Stored records:

- - - -

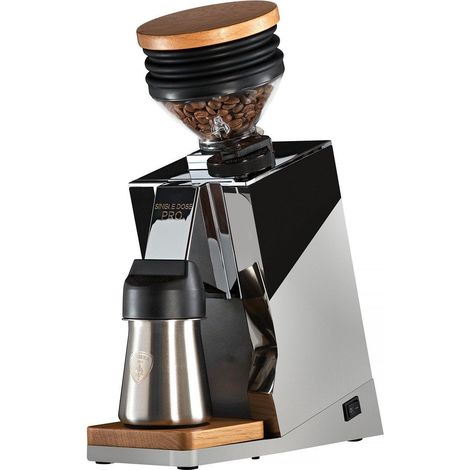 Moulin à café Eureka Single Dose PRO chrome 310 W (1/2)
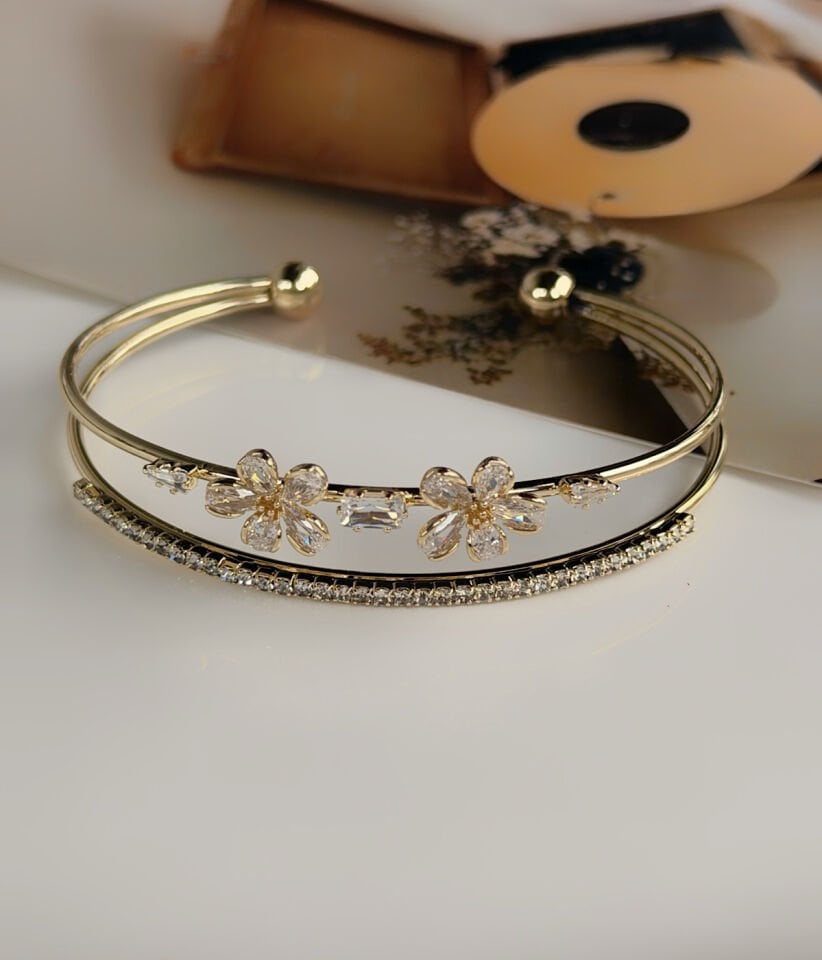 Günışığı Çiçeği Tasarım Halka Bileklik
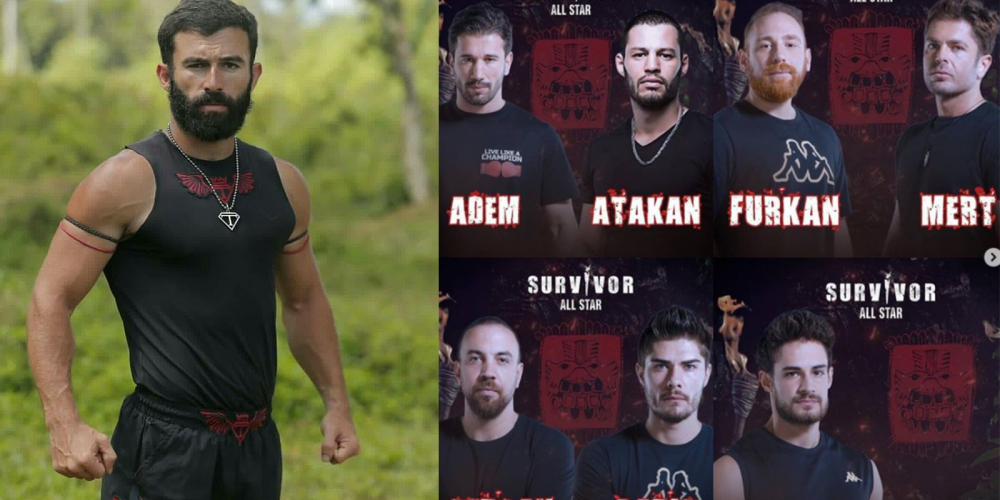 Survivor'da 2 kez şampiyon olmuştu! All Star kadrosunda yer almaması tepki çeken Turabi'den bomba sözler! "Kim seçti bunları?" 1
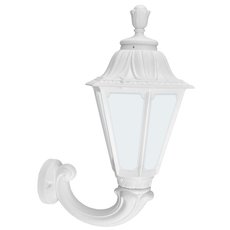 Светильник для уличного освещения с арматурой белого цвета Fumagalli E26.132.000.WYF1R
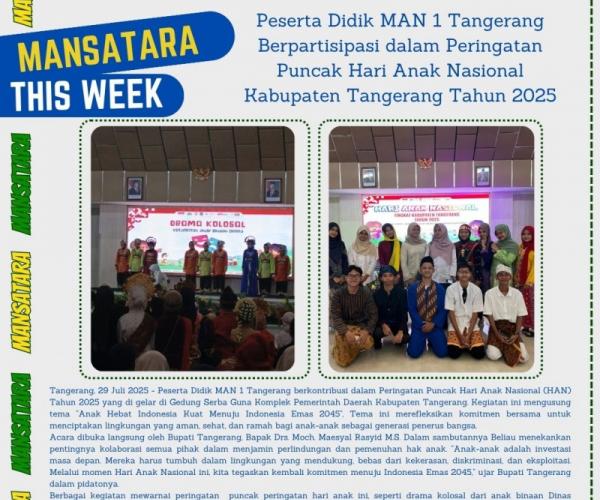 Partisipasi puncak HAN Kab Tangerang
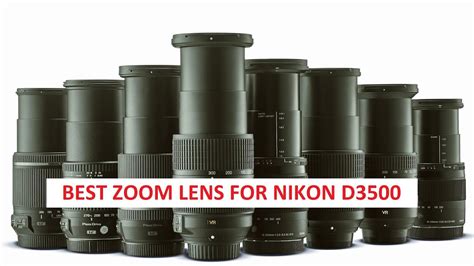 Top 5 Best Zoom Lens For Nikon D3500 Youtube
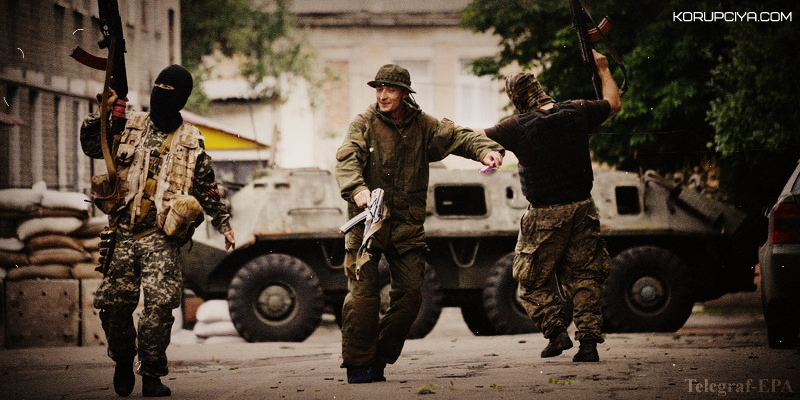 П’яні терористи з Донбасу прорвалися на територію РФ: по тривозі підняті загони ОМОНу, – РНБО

- - - -

PROBLEM TO WORK ON:
Copy every record exactly, without the pictures.

ANSWER BELOW:
 Moulin à café Eureka Single Dose PRO chrome 310 W (1/2)
 Günışığı Çiçeği Tasarım Halka Bileklik
 Survivor'da 2 kez şampiyon olmuştu! All Star kadrosunda yer almaması tepki çeken Turabi'den bomba sözler! "Kim seçti bunları?" 1
 Светильник для уличного освещения с арматурой белого цвета Fumagalli E26.132.000.WYF1R
 Partisipasi puncak HAN Kab Tangerang
 Top 5 Best Zoom Lens For Nikon D3500 Youtube
 П’яні терористи з Донбасу прорвалися на територію РФ: по тривозі підняті загони ОМОНу, – РНБО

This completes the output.